L'originalité floristique du site vient essentiellement des espèces présentes sur la savane-roche elle-même, dont beaucoup d'Orchidées, de Broméliacées et d'Aracées remarquables. Il s'agit souvent d’espèces très spécialisées, xérophiles, adaptées au milieu très contraignant.

Profitant de l'originalité des conditions stationnelles et de l'isolement du site, propice à la présence d'espèces rares et même de phénomènes de spéciation (notamment parmi les Broméliacées), la flore a déjà révélé 10 espèces protégées et un total de 78 espèces déterminantes ZNIEFF. 9 espèces sont très rares voire connues en Guyane uniquement dans la RBD de la Savane-roche Virginie.

Faune

Comme pour la flore, la faune remarquable concerne pour la plupart des espèces particulières aux milieux de savane-roche, mais aussi de chaos rocheux. Ces espèces ont souvent des populations fragmentées, comme le sont leurs habitats au niveau du territoire régional.

Pas moins de 23 espèces d'amphibiens ont été identifiées dans la réserve, dont 5 déterminantes ZNIEFF, et 16 espèces de reptiles dont une déterminante ZNIEFF.  Par exemple, le Leptodactyle de Myers est une espèce de grenouille adaptée aux plateaux de granite et aux inselbergs, qui se dissimule en journée dans des trous humides et frais de la roche ; les têtards se développent dans des mares temporaires durant la saison des pluies.

122 espèces d'oiseaux ont été inventoriées, dont 16 déterminantes ZNIEFF et 34 protégées. Parmi les espèces à enjeu, on peut citer le Faucon orangé, le Coq-de-Roche orange, présent occasionnellement.
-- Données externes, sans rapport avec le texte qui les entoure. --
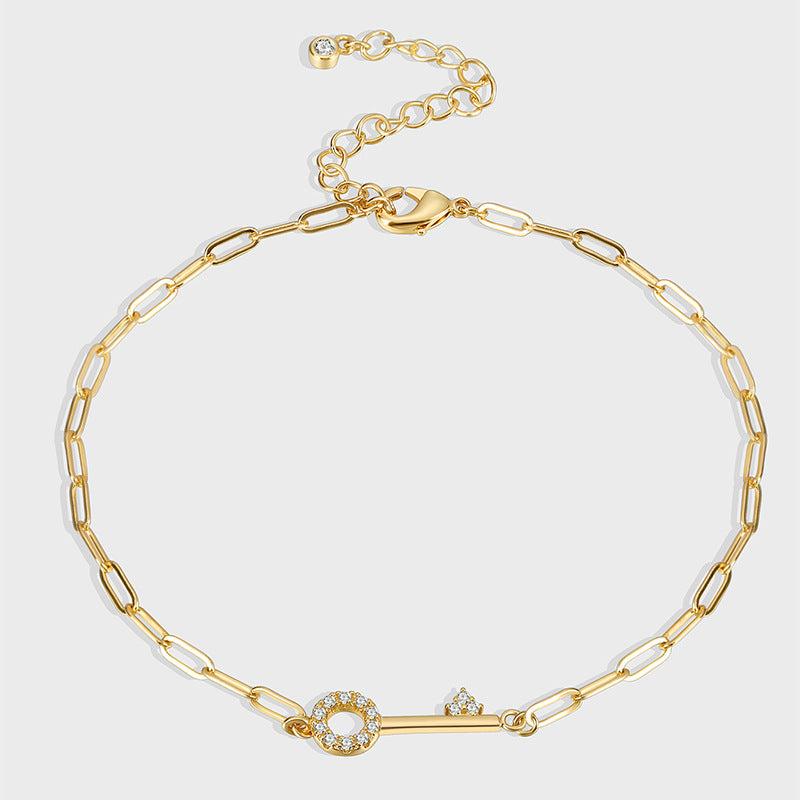 A0007 Accessories Hip-Hop Chain Key-Shaped Zircon Anklet for Women Modern Simple Adjustable Foot Jewelry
Le Sporophile curio (ou Pikolèt) et l'Engoulevent noirâtre sont typiques des zones ouvertes et sont à ce titre sensibles à une trop forte fréquentation. 

En ce qui concerne les mammifères, on ne connaît encore que 9 espèces de chiroptères, dont le Mimon doré, rare en Guyane et inféodé aux grotte et abris sous roches. La réserve abrite aussi 3 espèces de singes, l'Atèle noir, le Capucin olive et le Hurleur roux. 

Gestion

L’objectif de la gestion de la RBD de la Savane-roche Virginie est la conservation des habitats naturels et des espèces indigènes de flore et de faune qu’ils abritent. Les menaces principales pesant sur le site sont les excès potentiels de la fréquentation par le public et les espèces exotiques envahissantes (EEE), elles-mêmes favorisées par la fréquentation qui contribue à leur dissémination.

La sentier de découverte et ses aménagements permettent la canalisation, l'information et la sensibilisation du public, qui atteint plus de 7 000 visiteurs par an. Une plaquette de reconnaissance des espèces de la réserve a été réalisée. Des structures de bivouac "en dur" ont été installées afin d'éviter les coupes de bois pour les installations individuelles. Aménagée pour l'accueil du public, la réserve est aussi un espace protégé réglementairement par son arrêté de création, qui interdit notamment : l'apport de feu, le bivouac hors aire aménagée, la création de sentiers, la chasse et la pêche, la cueillette... tandis que les manifestations collectives et l'usage de drones sont soumis à autorisation de l'ONF.

Une EEE en particulier, Coleus monostachyus, prolifère sur le sommet de la savane-roche depuis 2012. Des actions d’arrachage manuel ont été menées conjointement avec la Maison familiale et rurale de Regina, afin d'impliquer et sensibiliser les élèves. En 2019 puis 2023, des cartographies précises ont été réalisées afin de caractériser la progression et mettre en place un plan d’actions adéquat.

La gestion de la réserve comporte aussi un volet d'études visant à enrichir la connaissance de la faune et flore de la réserve, encore partielle. Des inventaires botaniques approfondis et le suivi de la dynamique des habitats de la savane-roche sont en cours, avec pour objectif d'établir un observatoire plus général de la flore et de la faune caractéristiques de ce milieu si particulier. Des inventaires ont été réalisés pour mieux caractériser de la faune de la réserve (avifaune nicheuse, herpétofaune, mammifères). Un premier inventaire herpétologique a eu lieu, qui a ouvert d’intéressantes perspectives de suivi et d’études, comme le premier suivi des amphibiens des cours d'eau, qui a eu lieu en 2025.